How ‘P-Valley’ Taken Place in a Letter to Beyoncé’s Song ‘7/11’


Katori Hall‘S “P-ValleyA show about female dancers at The Pynk, a popular strip club in Mississippi, uses music to shine a spotlight on female southern rappers and artists.

Music supervisors Sarah Bromberg and Stephanie Diaz-Matos put together the show’s soundtrack, and turned to series stars J. Alphonse Nicholson and Loretta Devine, as well as Beyoncé and Megan Thee Stallion, to curate the anthems of Brandee Evans’ Mercedes. , Elarica Johnson’s Autumn Night and Nicco Annan’s Uncle Clifford.
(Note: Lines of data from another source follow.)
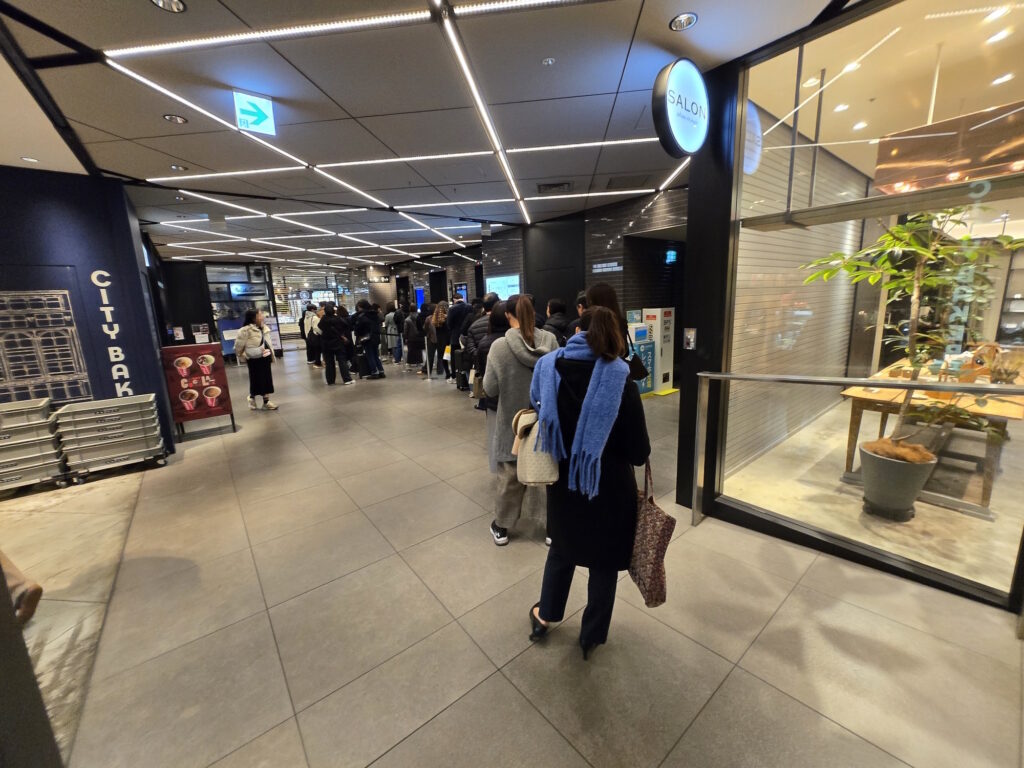 「根室花まる 銀座店」の開店前の行列（地下）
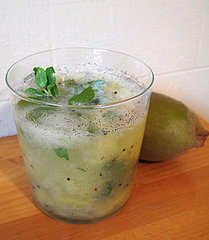Fast & Easy Recipe For Kiwi Cobbler Cocktail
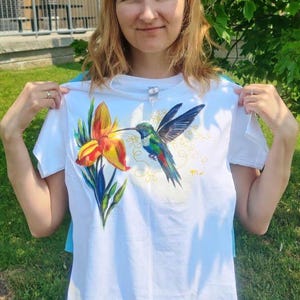Hand-painted cotton t-shirt, Bird t-shirt, Hand-Painted White T-shirt with Hummingbird, Gift for Her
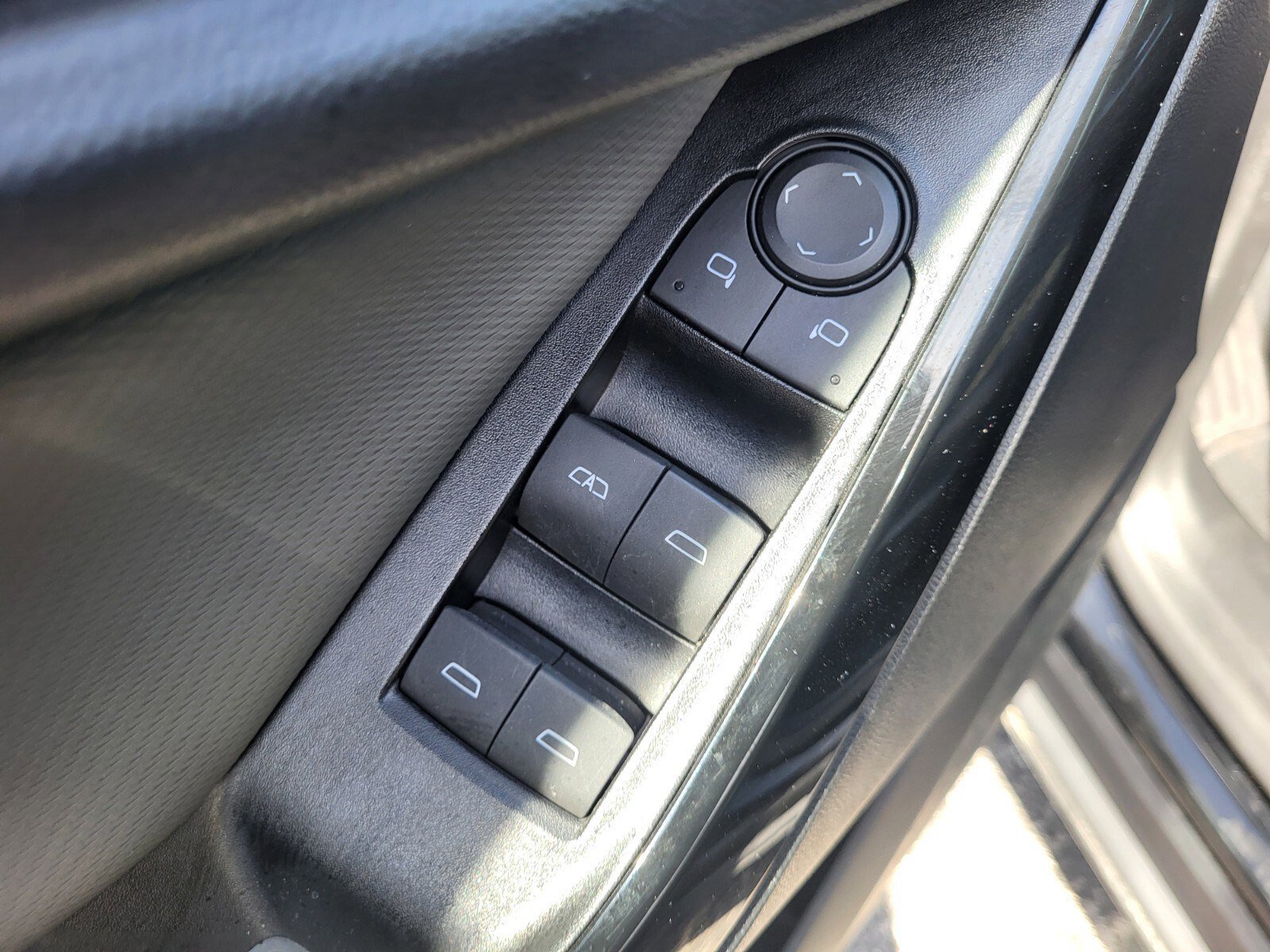 Used 2025 Chevrolet Equinox LT w/ Convenience Package II image 18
Here, Bromberg and Diaz-Matos describe how they took down Beyoncé and others. needle drop for the second season of the series.

“Way Back” by Enchanting

Bromberg: Enchanting’s “Way Back” began as “Dance Song 4”, a synopsis of an original song written by producer Ian Olympio and showrunner and music supervisor Katori Hall. Katori and Ian write these incredible summaries for our original music with extraordinary detail and background, and this synopsis was about a fairy tale gone wrong. Cinderella finds Prince Charming and turns out to be a monster, so she says “Damn, I’m doing this on my own”.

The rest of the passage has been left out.